What the exercise asks
From the material below, please set down exactly the lines starting with the one with "MGM Grand Detroit Room Tour & Casino Tour" and going on through the one with "American Classic Extreme Drumsticks", without a single picture.

Records for the task

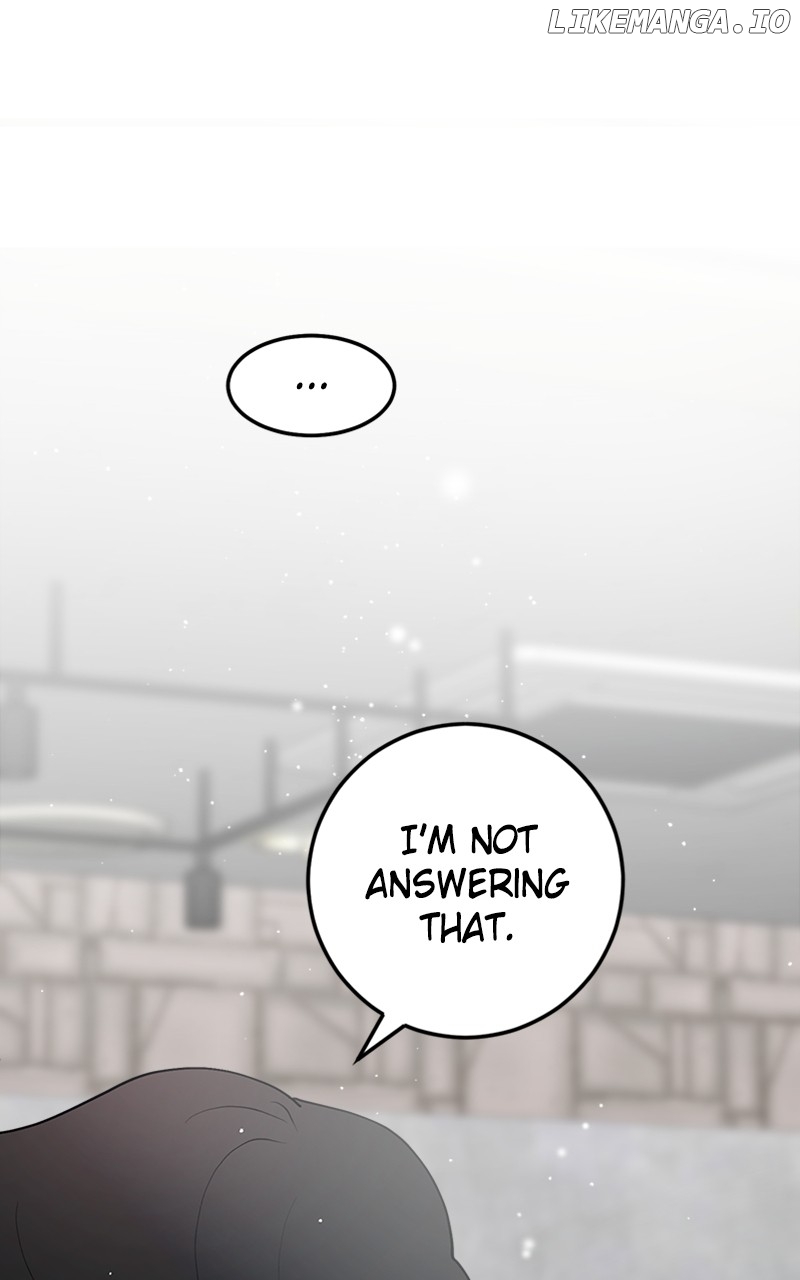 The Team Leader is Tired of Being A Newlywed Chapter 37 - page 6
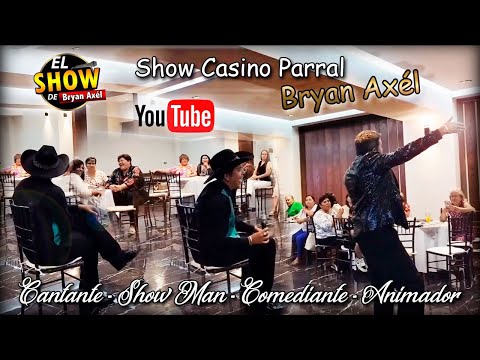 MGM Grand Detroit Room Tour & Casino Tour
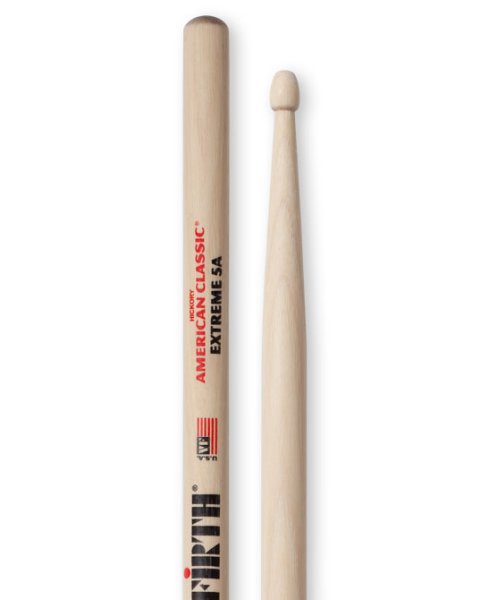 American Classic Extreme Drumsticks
* * *
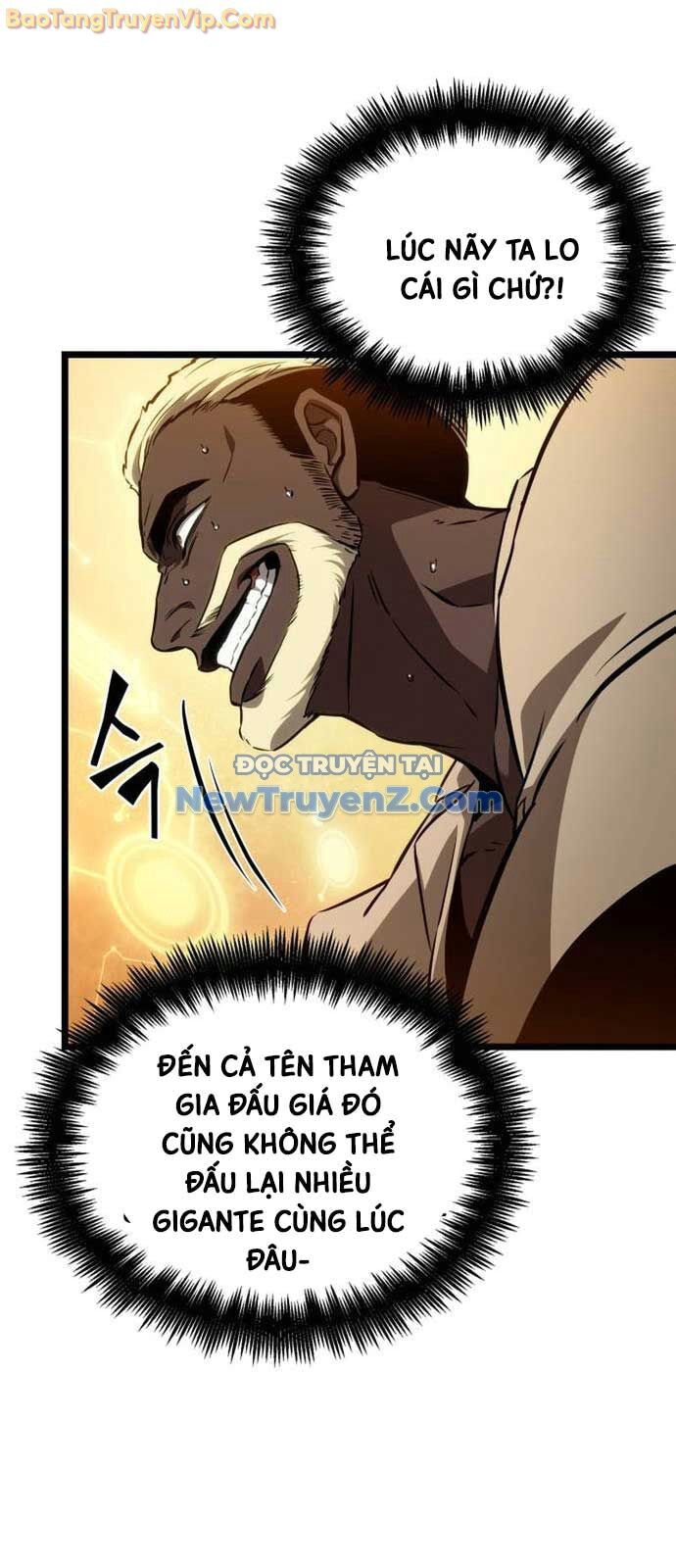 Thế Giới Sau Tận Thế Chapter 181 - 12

Task answer
 MGM Grand Detroit Room Tour & Casino Tour
 American Classic Extreme Drumsticks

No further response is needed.